Sterling steadied above two-week lows against the dollar with its downside checked by the notion that the sooner the Fed boosts interest rates, perhaps the sooner Britain would. With the Bank of England considered among a minority of central banks contemplating higher interest rate policy to reflect an improving economy, downside for the pound should prove relatively mild.
The kiwi dollar caught a bounce after New Zealand’s central bank held interest rates steady for the first time in four meetings. The RBNZ left its official cash rate unchanged at 2.75 percent, which snapped a streak of three cuts in as many meetings. The RBNZ took some exception with the kiwi’s recent outperformance, a trend that if sustained could hasten another rate cut. The bank’s next and final meeting of the year is on Dec. 10.
The loonie was steady after outperforming its otherwise stronger U.S. counterpart Wednesday in the face of the hawkish Fed. The loonie defied its U.S. peer thanks to a big rally in oil. But keeping Canadian fundamentals on a weak footing, a gauge of Canadian wholesale inflation fell 0.4 percent annually for the second consecutive month.

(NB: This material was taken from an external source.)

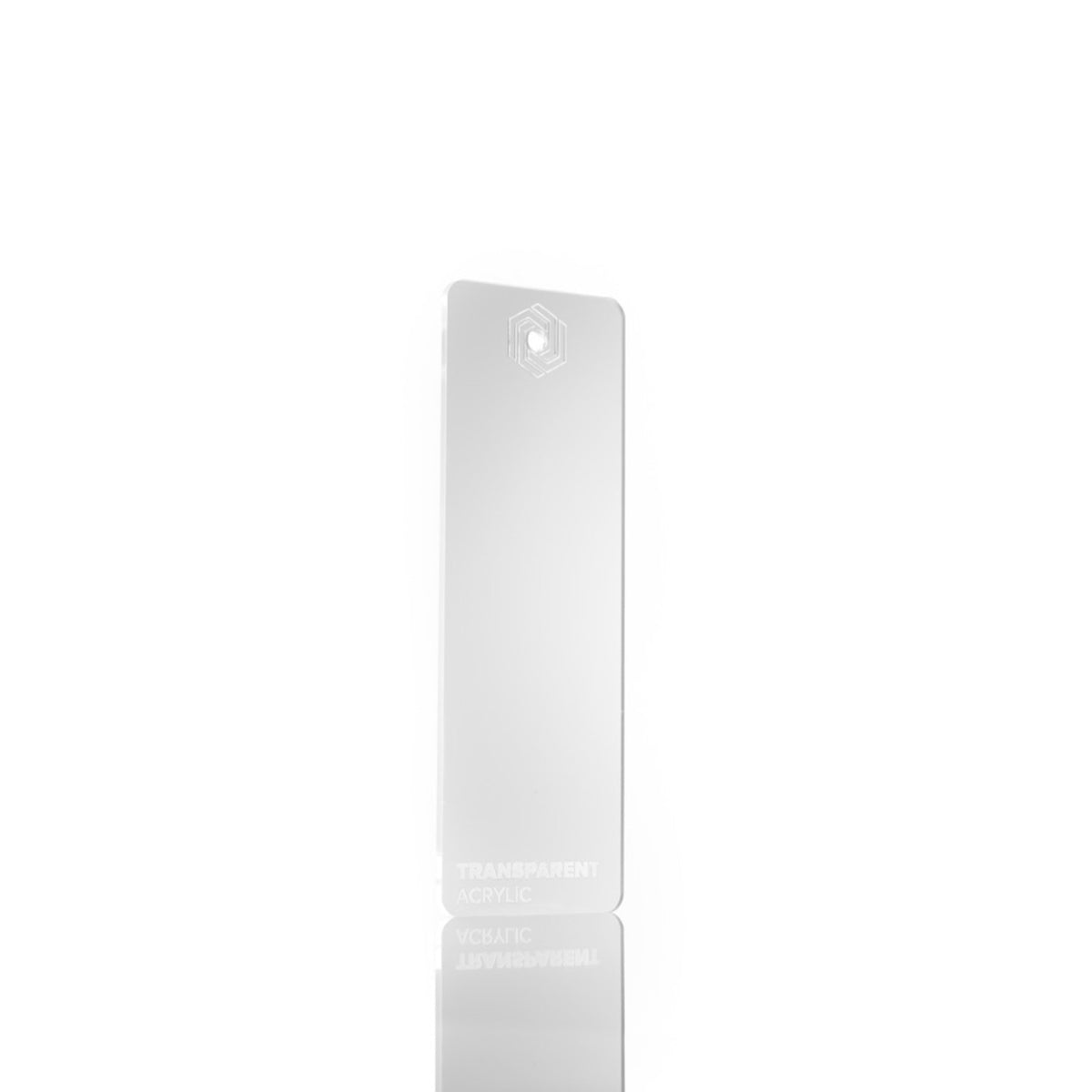 Master-acrylplaten 3mm voor lasercutters (210x300mm) - 5 stuks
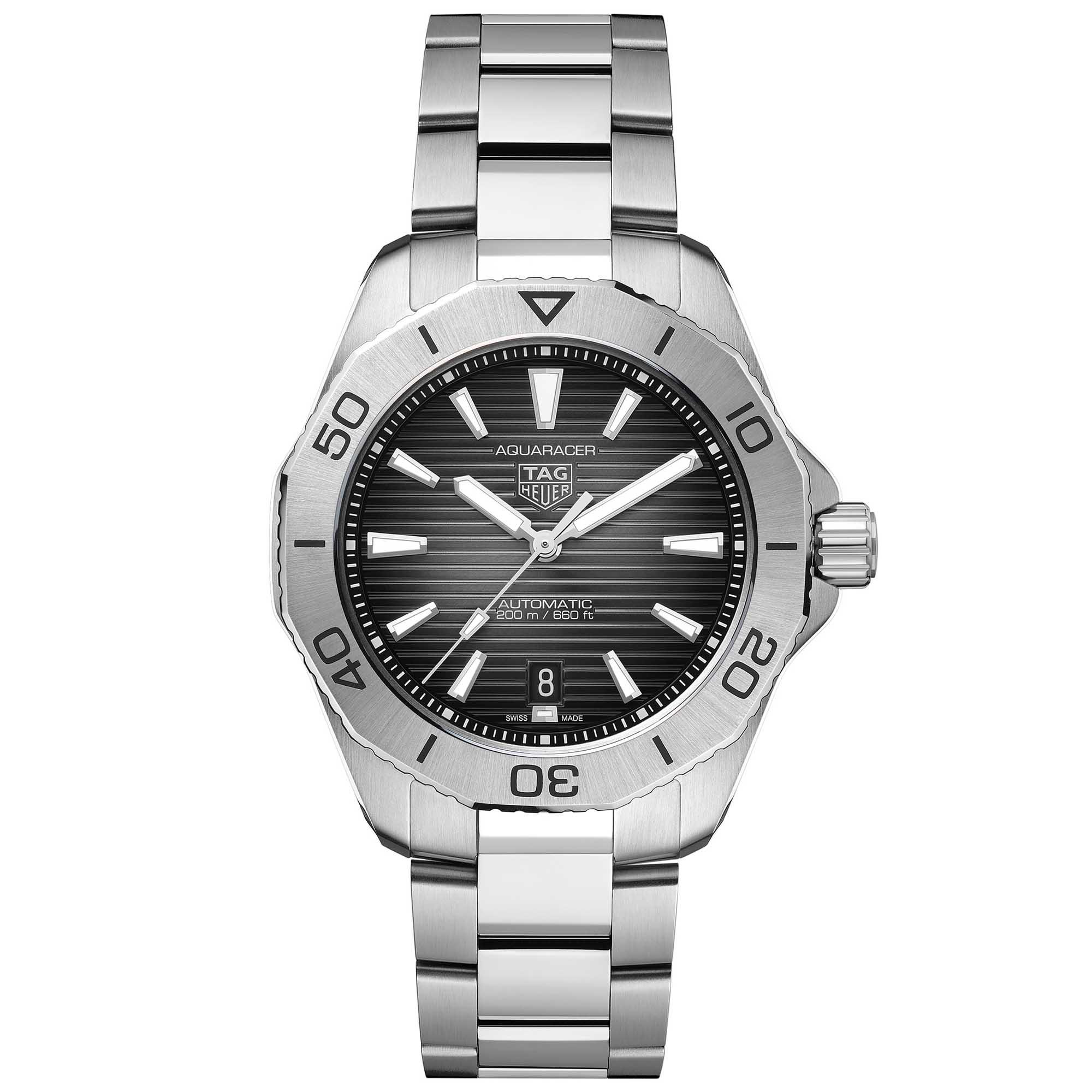 TAG HEUER AQUARACER PROFESSIONAL 200 DATE WBP2110.BA0627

The dollar’s prospects have brightened so much that slower U.S. growth during the summer quarter won’t deal it a meaningful setback. U.S. growth cooled to a lackluster annual rate of 1.5 percent in the third quarter from Q2’s 3.9 percent pace. The deceleration isn’t expected to last with the job market dispensing an adequate amount of paychecks which should fuel consumer spending, America’s main growth engine, over coming quarters. Jobless claims fared better than expected at 260,000, which helped validate the Fed’s underlying faith in the economy.